Pourtant, les accusations sont confirmées par la préfecture de Seine-Saint-Denis. « ‘Vies de Paris’ effectuait des élections de domicile pour le compte de la Ville de Bobigny (…) alors qu’elle n’était pas agréée pour cette adresse, nous indique la préfecture de Seine-Saint-Denis. En début d’année 2017, les équipes de la DRIHL [Direction Régionale et Interdépartementale de l’Hébergement et du Logement, NDLR] ont découvert cette situation et ont alors mis fin aux élections de domicile à cette adresse ». Ronald Désir précise par ailleurs que le système de facturation n’a duré que les premiers mois de la convention, jusqu’à fin 2015. Pourtant, le Bondy Blog a pu récupérer des attestations de paiement datées, à la main, de fin octobre 2016 (document ci-dessous).

Les attestations d’élection de domicile sont aujourd’hui établies à une autre adresse à Aubervilliers. Cela ne simplifie pas les démarches des habitants qui habitent officiellement à Bobigny et ne peuvent s’y prévaloir de droits. Cependant, selon plusieurs habitants rencontrés, ils ne payent plus les participations depuis sept ou huit mois : un agent de la mairie serait venu leur dire de ne plus payer.

Des frais pour services fictifs 

Ces 40 euros versés chaque mois par les familles du campement de la rue de Paris à Bobigny correspondent à une série de services censés être apportés par « Vies de Paris ». Parmi eux, la caravane facturée 30 euros, lessive facturée 1, 10 euro, le maintien de la tranquillité facturée 3 euros, le maintien de la propreté à 1, 20 euro et les frais de fonctionnement à 5, 30 euros. Selon une autre habitante, ces prestations n’étaient pas honorées. « Il n’y a pas de maintien de la propreté. Ce sont les habitants qui lavent eux-mêmes de temps en temps. Même chose pour le gardien, il n’y en a plus depuis longtemps. Même au début, quand il y en avait un, il n’était là que tôt le matin vers 5 heures, et un peu le soir, jusqu’à 23 heures ». Quant aux machines à laver, « tout le monde a la sienne alors qu’ils demandaient de l’argent pour ça ! Le seul truc qu’il y avait, c’était l’accès Wifi gratuit pour tout le monde, 24h sur 24. « , affirme-t-elle.

Dans ces 40 euros également, des frais de « caravane » de 30 euros sont prélevés aux familles. Sauf que la mairie de Bobigny est catégorique : « Ces caravanes n’appartiennent pas à l’association Vies de Paris, elles appartiennent à la Ville de Bobigny ». Pendant plusieurs mois, l’association « Vies de Paris » a donc fait payer pour une domiciliation non effective alors qu’elle n’était pas habilitée et pour des caravanes qui ne lui appartenaient pas.

Des cours de français jamais dispensés

Ce n’est pas tout.
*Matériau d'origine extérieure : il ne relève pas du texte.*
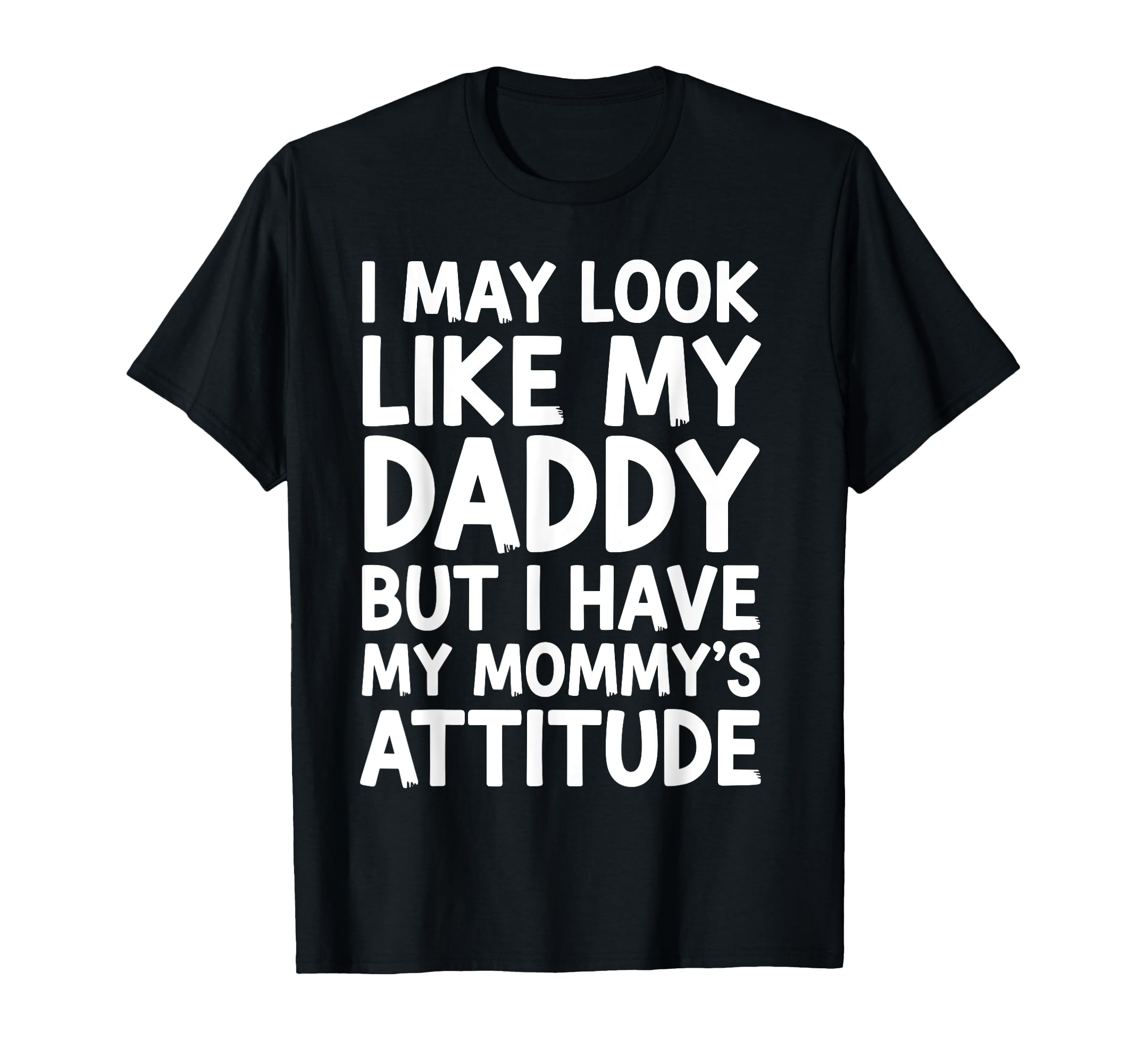 I May Like My Daddy But I Have My T-Shirt - Unique Graphic Men Women - T-Shirt, Sweatshirt, Hoodie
Comme l’indique la convention passée avec la municipalité de Bobigny, l’association « Vies de Paris » s’était aussi engagée à « assurer un suivi administratif et social et dispenser des cours de français ». D’ailleurs, un papier de l’association « Vies de Paris » accompagnant la carte d’adhérent remise aux habitants du camp dresse la liste des prestations que l’association s’engage à fournir en plus des services de base : « accompagnement personnalisé dans les démarches administratives », « formation en langue française », « sorties culturelles organisées et payées par Vies de Paris« …  Le président de « Vies de Paris », Ronald Désir, assure que les cours de français ont été dispensés mais que les habitants auraient décidé de ne pas y assister. « On a les mis en place ces cours, demandez-leur ! On leur a mis des salles à disposition, on a même fait une école à domicile pour eux mais ils ne sont pas venus, on ne va pas les attacher ! »

Adriana, une des anciennes habitantes du camp qui a encore sa famille rue de Paris, nous dit tout autre chose.« Vous recevez ces prestations ? » lui demande-t-on. En réponse, un éclat de rire amer. « Mais qui va nous accompagner pour cela ? À chaque fois qu’on a besoin de quelque chose, les portes de l’association sont fermées ! Leur bureau est d’ailleurs tout le temps fermé. Pour les cours qu’on est censé avoir, ils font venir des gens qui ne sont pas des habitants du terrain. Ils ont divisé leur local en petites salles pour faire des formations de plomberie, électricité à d’autres gens que nous mais il n’y a pas de cours de français pour nous ». Une version attestée par d’autres habitants, par d’autres associations et par Clémence Lormier qui travaillait avec « Rues et Cités » et qui continue à suivre les habitants du campement de la rue de Paris.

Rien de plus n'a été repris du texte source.